■ Task to complete ■
Copy out again, unchanged, the listing below from the line that has "Enkellaags Inpaktafel, Paktafel" through the line that has "Business revenue line".

Stored data section start

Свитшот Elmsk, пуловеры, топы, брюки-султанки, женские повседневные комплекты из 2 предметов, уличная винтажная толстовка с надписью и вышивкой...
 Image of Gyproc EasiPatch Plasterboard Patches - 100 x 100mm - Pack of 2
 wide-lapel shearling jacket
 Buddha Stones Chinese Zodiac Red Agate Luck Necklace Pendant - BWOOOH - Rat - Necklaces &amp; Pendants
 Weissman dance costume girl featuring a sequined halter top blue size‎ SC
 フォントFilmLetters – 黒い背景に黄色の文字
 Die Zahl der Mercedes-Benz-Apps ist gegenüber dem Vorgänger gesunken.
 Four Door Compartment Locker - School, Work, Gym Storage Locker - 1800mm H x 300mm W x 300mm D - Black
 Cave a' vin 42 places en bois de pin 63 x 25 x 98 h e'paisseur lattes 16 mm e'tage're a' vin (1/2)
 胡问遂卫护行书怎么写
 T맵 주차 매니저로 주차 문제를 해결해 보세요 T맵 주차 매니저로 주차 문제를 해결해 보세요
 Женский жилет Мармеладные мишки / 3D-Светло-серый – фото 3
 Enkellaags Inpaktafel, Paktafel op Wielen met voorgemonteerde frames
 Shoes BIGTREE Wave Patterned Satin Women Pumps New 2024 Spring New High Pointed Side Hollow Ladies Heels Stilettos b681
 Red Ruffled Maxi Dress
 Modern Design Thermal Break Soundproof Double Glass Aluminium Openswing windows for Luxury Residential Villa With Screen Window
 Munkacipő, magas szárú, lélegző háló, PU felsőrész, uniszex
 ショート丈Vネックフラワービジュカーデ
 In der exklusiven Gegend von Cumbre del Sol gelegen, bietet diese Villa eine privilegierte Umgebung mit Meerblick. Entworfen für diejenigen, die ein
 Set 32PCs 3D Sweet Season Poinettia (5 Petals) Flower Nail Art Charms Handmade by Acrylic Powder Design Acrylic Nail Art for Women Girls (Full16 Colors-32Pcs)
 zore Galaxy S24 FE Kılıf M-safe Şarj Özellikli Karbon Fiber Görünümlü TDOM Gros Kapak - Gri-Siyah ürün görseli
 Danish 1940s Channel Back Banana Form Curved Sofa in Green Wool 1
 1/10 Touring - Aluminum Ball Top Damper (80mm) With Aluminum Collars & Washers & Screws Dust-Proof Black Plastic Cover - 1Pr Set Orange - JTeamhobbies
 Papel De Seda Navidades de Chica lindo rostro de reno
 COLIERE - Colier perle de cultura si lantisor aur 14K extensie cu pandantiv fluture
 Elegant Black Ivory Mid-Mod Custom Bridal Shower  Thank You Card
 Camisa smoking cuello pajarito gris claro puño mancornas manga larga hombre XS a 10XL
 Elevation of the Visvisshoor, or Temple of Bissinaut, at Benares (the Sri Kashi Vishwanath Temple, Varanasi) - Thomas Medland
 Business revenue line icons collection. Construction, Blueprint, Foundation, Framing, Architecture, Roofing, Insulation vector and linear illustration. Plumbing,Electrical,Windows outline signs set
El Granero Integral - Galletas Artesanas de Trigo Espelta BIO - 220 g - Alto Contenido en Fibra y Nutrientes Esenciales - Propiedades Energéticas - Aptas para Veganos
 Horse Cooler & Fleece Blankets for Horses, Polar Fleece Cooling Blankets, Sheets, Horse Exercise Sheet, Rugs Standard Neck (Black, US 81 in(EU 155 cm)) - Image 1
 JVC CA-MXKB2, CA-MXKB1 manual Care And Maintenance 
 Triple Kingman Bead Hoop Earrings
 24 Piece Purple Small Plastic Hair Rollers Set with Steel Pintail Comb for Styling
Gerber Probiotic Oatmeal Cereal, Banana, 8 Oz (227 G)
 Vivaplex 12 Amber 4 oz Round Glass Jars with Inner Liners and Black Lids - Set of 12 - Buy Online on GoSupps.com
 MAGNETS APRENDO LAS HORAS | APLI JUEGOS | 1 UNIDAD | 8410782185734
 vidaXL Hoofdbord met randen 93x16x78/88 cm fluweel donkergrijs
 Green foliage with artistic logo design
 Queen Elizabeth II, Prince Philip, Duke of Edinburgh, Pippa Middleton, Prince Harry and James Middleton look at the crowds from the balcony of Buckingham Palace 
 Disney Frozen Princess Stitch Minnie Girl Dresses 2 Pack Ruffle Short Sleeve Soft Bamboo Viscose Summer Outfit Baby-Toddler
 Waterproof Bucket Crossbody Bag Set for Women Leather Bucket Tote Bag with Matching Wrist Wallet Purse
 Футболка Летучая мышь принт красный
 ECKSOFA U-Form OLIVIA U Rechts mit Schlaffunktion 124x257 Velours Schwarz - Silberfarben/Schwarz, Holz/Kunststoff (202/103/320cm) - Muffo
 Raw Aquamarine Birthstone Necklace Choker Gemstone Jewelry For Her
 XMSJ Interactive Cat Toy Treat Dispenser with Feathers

Stored data section end

■ Written response ■
 Enkellaags Inpaktafel, Paktafel op Wielen met voorgemonteerde frames
 Shoes BIGTREE Wave Patterned Satin Women Pumps New 2024 Spring New High Pointed Side Hollow Ladies Heels Stilettos b681
 Red Ruffled Maxi Dress
 Modern Design Thermal Break Soundproof Double Glass Aluminium Openswing windows for Luxury Residential Villa With Screen Window
 Munkacipő, magas szárú, lélegző háló, PU felsőrész, uniszex
 ショート丈Vネックフラワービジュカーデ
 In der exklusiven Gegend von Cumbre del Sol gelegen, bietet diese Villa eine privilegierte Umgebung mit Meerblick. Entworfen für diejenigen, die ein
 Set 32PCs 3D Sweet Season Poinettia (5 Petals) Flower Nail Art Charms Handmade by Acrylic Powder Design Acrylic Nail Art for Women Girls (Full16 Colors-32Pcs)
 zore Galaxy S24 FE Kılıf M-safe Şarj Özellikli Karbon Fiber Görünümlü TDOM Gros Kapak - Gri-Siyah ürün görseli
 Danish 1940s Channel Back Banana Form Curved Sofa in Green Wool 1
 1/10 Touring - Aluminum Ball Top Damper (80mm) With Aluminum Collars & Washers & Screws Dust-Proof Black Plastic Cover - 1Pr Set Orange - JTeamhobbies
 Papel De Seda Navidades de Chica lindo rostro de reno
 COLIERE - Colier perle de cultura si lantisor aur 14K extensie cu pandantiv fluture
 Elegant Black Ivory Mid-Mod Custom Bridal Shower  Thank You Card
 Camisa smoking cuello pajarito gris claro puño mancornas manga larga hombre XS a 10XL
 Elevation of the Visvisshoor, or Temple of Bissinaut, at Benares (the Sri Kashi Vishwanath Temple, Varanasi) - Thomas Medland
 Business revenue line icons collection. Construction, Blueprint, Foundation, Framing, Architecture, Roofing, Insulation vector and linear illustration. Plumbing,Electrical,Windows outline signs set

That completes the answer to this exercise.